Kevin Hartnett

Personal information
- Native name: Caoimhghin Ó hAirtneada (Irish)
- Nickname: Screech
- Born: 4 June 1984 (age 42) Shanagarry, County Cork, Ireland
- Occupation: Research engineer
- Height: 5 ft 11 in (180 cm)

Sport
- Sport: Hurling
- Position: Left wing-back

Clubs
- Years: Club
- Russell Rovers Imokilly UCC

Club titles
- Cork titles: 0

Inter-county*
- Years: County / Apps (scores)
- 2005-2008: Cork / 8 (0-5)

Inter-county titles
- Munster titles: 0
- All-Irelands: 0
- NHL: 0
- All Stars: 0
- *Inter County team apps and scores correct as of 17:08, 6 May 2013.

= Kevin Hartnett =

Irish hurler

Kevin Hartnett (born 4 June 1984) is an Irish hurler who played as a left wing-back for the Cork senior team.

Hartnett joined the team during the 2005 National Hurling League and was a regular member of the team until he left the panel after the 2008 championship. During that time he won one All-Ireland medal and two Munster medals as a non-playing substitute.

At club level Hartnett has played with Russell Rovers, divisional side Imokilly and University College Cork.

==Playing career==
===Club===

Hartnett plays hurling with his local club Russell Rovers, who play in the Cork Junior Hurling Championship. He also plays with the University College Cork team in the Cork Senior Hurling Championship. He usually plays on the half-back line or in midfield.

===Inter-county===

Hartnett first came to prominence on the inter-county scene as a member of the Cork minor hurling team in 2001. He made his debut when he came on as a substitute in a Munster quarter-final defeat of Waterford before later starting at midfield in the provincial decider. Tipperary were the winners by 1-12 to 1-6, however, Cork remained in the championship and reached the All-Ireland final via the back-door.
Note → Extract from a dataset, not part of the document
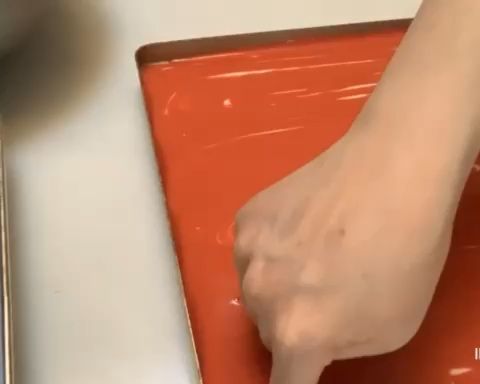 第16步(红丝绒旋风蛋糕卷的做法)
Galway provided the opposition on that occasion, however, a 2-10 to 1-8 score line secured a victory for Cork and an All-Ireland medal for Hartnett.

By 2005 Hartnett was a regular member of the Cork under-21 team. After back-to-back defeats by Tipperary in the provincial decider over the previous two years, Cork finally triumphed. A 4-9 to 0-13 victory gave Hartnett a Munster medal in that grade.

Hartnett was also called up to the Cork intermediate hurling team. He won a Munster medal in this grade in 2003 following a 2-12 to 0-11 defeat of Waterford. He later lined out in the All-Ireland final with Kilkenny providing the opposition. In a classic game of hurling both sides were still level at the full-time whistle. There was little to separate the sides in a period of extra-time, however, Cork narrowly emerged victorious by 1-21 to 0-23.

After being deemed ineligible for the team the following year, Hartnett was back with the intermediate side in 2005. A 2-17 to 2-11 defeat of Tipperary gave him a second Munster medal in that grade.

In 2006 Hartnett collected a third Munster medal following a 2-18 to 2-13 defeat of Tipperary. The subsequent All-Ireland decider saw Cork face Kilkenny. A narrow 3-15 to 1-18 victory gave Hartnett a second All-Ireland medal.

By this stage Hartnett had already joined the Cork senior team. He made his competitive debut when he came on as a substitute in a National Hurling League game against Waterford in 2005. He was also included on the Cork panel for the subsequent championship campaign and collected a set of Munster and All-Ireland medals as a non-playing substitute.

In 2006 Hartnett was also an unused substitute as Cork retained the Munster crown but were later defeated by Kilkenny in the All-Ireland decider.

Hartnett made his championship debut when he came on as a substitute in an ill-tempered Munster quarter-final defeat of Clare in 2007. Due to the suspensions of Donal Óg Cusack, Diarmuid O'Sullivan and Seán Óg Ó hAilpín following that game, Hartnett was handed his first championship start for the subsequent Munster semi-final. Cork lost to Waterford on that occasion but Hartnett became a regular member of the team before leaving the panel after the 2008 championship.